E' possibile, ci sembra, procedere alla scoperta del termine
"organico", anche prendendo le mosse da alcune note dei Quaderni, nelle quali si
esprimono le svariate possibilità insite nel termine stesso.
Nel Quaderno 4, ad esempio, in un paragrafo intitolato "La
scienza", l'uomo viene rappresentato come strettamente legato alla natura, sempre
intento a cercare nuovi strumenti d'indagine scientifica, nuove tecniche culturali atte a
discriminare il rapporto che egli ha con il reale rispetto a qualsiasi altro essere
vivente. Avviene, di fatto, una "lotta" con l'ambiente, che consente al soggetto
di migliorare il proprio grado di cultura, la propria concezione del mondo e di conoscere
sempre meglio l'oggettività del reale47.
Gramsci vuole combattere anche il materialismo volgare, quello che riduce
l'uomo alla "fissa materialità": nel
corso del tempo il marxismo si è combinato con varie correnti filosofiche, alcune delle
quali davano maggior risalto al lato materialistico (per quella strada si è giunti al
marxismo positivista, tanto combattuto da Gramsci e dalla generazione a lui
contemporanea), altre tendenti allo spiritualismo. La scienza, per Gramsci, non va
esaltata come una "concezione del mondo per eccellenza", prima di tutto perché
il marxismo è una filosofia originale e
bastante a sé stessa, poi perché è difficile per la scienza presentarsi autonomamente,
essendo sempre il fatto oggettivo legato ad un'ipotesi o a un'ideologia.48
Al contrario, Gramsci dice di aver imparato dal marxismo a considerare la
"storicità della natura umana", che non è mai "fissa e immutabile".

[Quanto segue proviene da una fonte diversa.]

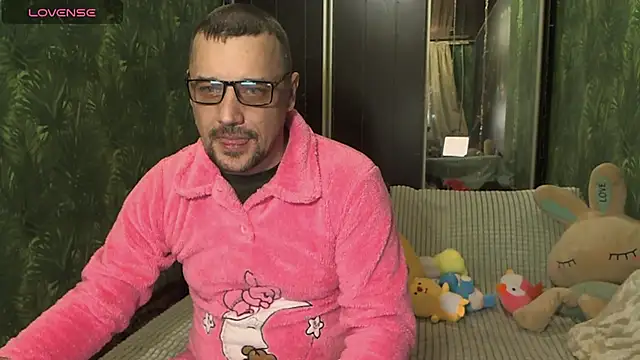 Snapshot of DanielOhCool chatting on 01/17/25, 01:46 DanielOhCool online show from 01/17/25, 01:46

Nel Quaderno 4 viene ripreso il tema delle "superstrutture": nell'ambito del
rapporto Croce-Marx, Gramsci prende le difese del materialismo storico il quale non
ritiene affatto le ideologie e le superstrutture come apparenze ed illusioni, ma al
contrario come realtà oggettive ed operanti, pur non considerandole, però, la molla
della storia (insita invece nella struttura produttiva della società). Gramsci afferma,
infatti, che "
tra strutture e superstrutture c'è un nesso necessario e
vitale, così come nel corpo umano tra la pelle e lo scheletro"49, instaurando così un paragone fra organismo
vivente ed organismo sociale, che intende rendere esplicito il nesso "vitale" e
cioè appunto "organico" fra la struttura e le superstrutture, le quali ultime
devono appunto realizzare quel compito storico di cui si è già parlato, cioè la presa
di coscienza di tutti gli uomini del loro essere e del loro divenire storico e, quindi,
anche del loro legame fondamentale con la materia, con l'oggettività del reale, ciascuno
attraverso il formarsi di una concezione "culturale" del mondo e della vita che
gli permetta di esprimersi, di "crescere" e di modificare l'ambiente qualora
esso non offra condizioni di vita soddisfacenti. Ecco, di nuovo, il tema della lotta, che
può essere sottoposto a diverse interpretazioni: la lotta dell'uomo per reagire
all'ambiente naturale (spesso intriso di "casualità e caos") è prima di tutto
una lotta culturale - e qui ben s'inserisce tutto il discorso educativo di Gramsci sulla
disciplina e sull'antispontaneismo50-
ma è anche o deve diventare una vera e propria lotta pratica e rivoluzionaria delle
situazioni economiche, politiche e sociali.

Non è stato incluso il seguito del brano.